Sheridan County School District #3 trustees spent a large portion of their meeting reviewing proposed state "recalibration" language and its potential effects on very small districts. Speaker 2 told the board the draft emphasizes an evidence-based model and includes a recommended fix to the "small school adjustment," but warned that the draft also assumes the small-district adjustment would no longer be needed.
Why it matters: the board was told the current small-school cliff means losing students can suddenly drop a district’s state funding by an amount local officials described as “about $300,000.” Speaker 2 said the small-district adjustment currently provides the district the funding equivalent of about 4.57 teachers — "to us in terms of the funding model is $350,000. It's 10% of the budget," Speaker 2 said — and that removing that adjustment while fixing the small-school metric could leave the district materially worse off.

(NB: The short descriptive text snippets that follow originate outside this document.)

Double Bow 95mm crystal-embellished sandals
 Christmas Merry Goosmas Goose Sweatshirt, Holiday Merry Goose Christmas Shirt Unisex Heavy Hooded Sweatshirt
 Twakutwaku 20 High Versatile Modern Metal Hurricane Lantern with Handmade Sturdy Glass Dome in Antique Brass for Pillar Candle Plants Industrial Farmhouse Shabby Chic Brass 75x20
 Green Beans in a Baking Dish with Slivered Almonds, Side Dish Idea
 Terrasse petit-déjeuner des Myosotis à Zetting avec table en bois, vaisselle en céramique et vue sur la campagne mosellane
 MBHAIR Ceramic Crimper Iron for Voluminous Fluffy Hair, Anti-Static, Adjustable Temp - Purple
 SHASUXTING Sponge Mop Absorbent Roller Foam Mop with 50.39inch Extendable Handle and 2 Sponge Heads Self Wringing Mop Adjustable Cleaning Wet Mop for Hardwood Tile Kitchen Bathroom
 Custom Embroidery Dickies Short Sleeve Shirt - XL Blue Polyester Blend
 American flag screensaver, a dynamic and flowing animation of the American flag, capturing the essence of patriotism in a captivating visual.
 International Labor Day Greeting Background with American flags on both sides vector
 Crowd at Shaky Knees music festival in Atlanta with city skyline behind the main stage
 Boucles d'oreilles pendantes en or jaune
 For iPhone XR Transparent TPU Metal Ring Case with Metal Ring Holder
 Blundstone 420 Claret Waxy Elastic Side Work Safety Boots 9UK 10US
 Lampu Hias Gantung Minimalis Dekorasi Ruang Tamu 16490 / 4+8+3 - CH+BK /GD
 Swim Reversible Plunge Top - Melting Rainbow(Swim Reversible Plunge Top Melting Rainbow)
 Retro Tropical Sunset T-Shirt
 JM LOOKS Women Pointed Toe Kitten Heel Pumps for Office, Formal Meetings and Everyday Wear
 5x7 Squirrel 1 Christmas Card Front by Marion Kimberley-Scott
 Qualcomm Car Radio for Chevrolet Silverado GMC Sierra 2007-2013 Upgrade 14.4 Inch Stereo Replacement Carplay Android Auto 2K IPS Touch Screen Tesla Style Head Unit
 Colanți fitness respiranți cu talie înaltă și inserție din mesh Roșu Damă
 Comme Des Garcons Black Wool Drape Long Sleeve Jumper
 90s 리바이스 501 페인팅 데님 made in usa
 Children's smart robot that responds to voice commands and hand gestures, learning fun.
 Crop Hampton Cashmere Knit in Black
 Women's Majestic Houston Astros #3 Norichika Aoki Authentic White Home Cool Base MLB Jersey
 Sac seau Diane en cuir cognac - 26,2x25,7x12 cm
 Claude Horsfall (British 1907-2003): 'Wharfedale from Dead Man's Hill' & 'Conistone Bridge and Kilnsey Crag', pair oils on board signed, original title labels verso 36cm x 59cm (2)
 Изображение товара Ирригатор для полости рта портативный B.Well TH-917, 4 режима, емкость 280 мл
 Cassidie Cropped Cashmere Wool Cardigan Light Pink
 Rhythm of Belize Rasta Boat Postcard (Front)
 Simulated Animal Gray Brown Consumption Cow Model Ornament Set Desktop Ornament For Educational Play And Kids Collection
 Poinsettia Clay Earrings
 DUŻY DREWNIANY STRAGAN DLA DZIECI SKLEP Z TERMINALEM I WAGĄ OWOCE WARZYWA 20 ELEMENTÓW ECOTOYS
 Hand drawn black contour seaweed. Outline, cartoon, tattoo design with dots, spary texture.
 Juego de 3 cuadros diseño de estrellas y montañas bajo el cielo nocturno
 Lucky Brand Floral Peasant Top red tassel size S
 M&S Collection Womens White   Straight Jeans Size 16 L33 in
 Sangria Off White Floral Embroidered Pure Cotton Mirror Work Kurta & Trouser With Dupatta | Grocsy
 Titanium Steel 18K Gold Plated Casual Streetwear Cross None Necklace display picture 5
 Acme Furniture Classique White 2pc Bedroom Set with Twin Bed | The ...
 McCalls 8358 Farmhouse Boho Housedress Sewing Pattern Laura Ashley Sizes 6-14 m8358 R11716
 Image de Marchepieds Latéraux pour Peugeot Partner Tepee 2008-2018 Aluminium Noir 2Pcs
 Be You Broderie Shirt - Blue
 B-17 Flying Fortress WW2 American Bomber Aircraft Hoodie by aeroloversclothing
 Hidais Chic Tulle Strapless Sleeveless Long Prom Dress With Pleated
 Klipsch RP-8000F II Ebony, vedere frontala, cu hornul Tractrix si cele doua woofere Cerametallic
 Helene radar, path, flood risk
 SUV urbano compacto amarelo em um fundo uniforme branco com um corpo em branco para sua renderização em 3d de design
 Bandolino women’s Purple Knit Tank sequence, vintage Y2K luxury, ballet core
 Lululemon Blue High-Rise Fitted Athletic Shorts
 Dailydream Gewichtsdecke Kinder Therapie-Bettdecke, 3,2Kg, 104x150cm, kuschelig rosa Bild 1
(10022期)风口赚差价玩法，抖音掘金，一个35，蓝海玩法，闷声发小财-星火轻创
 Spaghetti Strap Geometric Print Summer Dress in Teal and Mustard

Board members asked for continued involvement. Speaker 2 said, "I think my biggest work and the reason that I'm gonna continue to be involved in this, through January when the bill draft is provided and through the legislative session," and urged the board to watch the bill’s final language before taking positions. Members noted the draft’s opening line directs legislators to take the consultant's recommendations but that later lines add provisions outside the consultant’s scope.
Special-education funding was raised as a linked concern. Later in the meeting the board considered a WSPA resolution asking the state to change its special-education reimbursement schedule to monthly or quarterly payments; Speaker 2 said the current timing forces small districts to front large costs, offering one example: "the student that's placed in Massachusetts is costing them one of our small districts over $700,000 a year," and argued more frequent reimbursement would ease cash-flow stress for districts that must pay for residential placements immediately.
What’s next: Trustees said they will monitor exact bill language, consult with legislators, and decide whether to direct their delegate assembly representative how to vote. The board did not adopt a formal lobby position in the recorded segment but said members want to see the final draft before acting.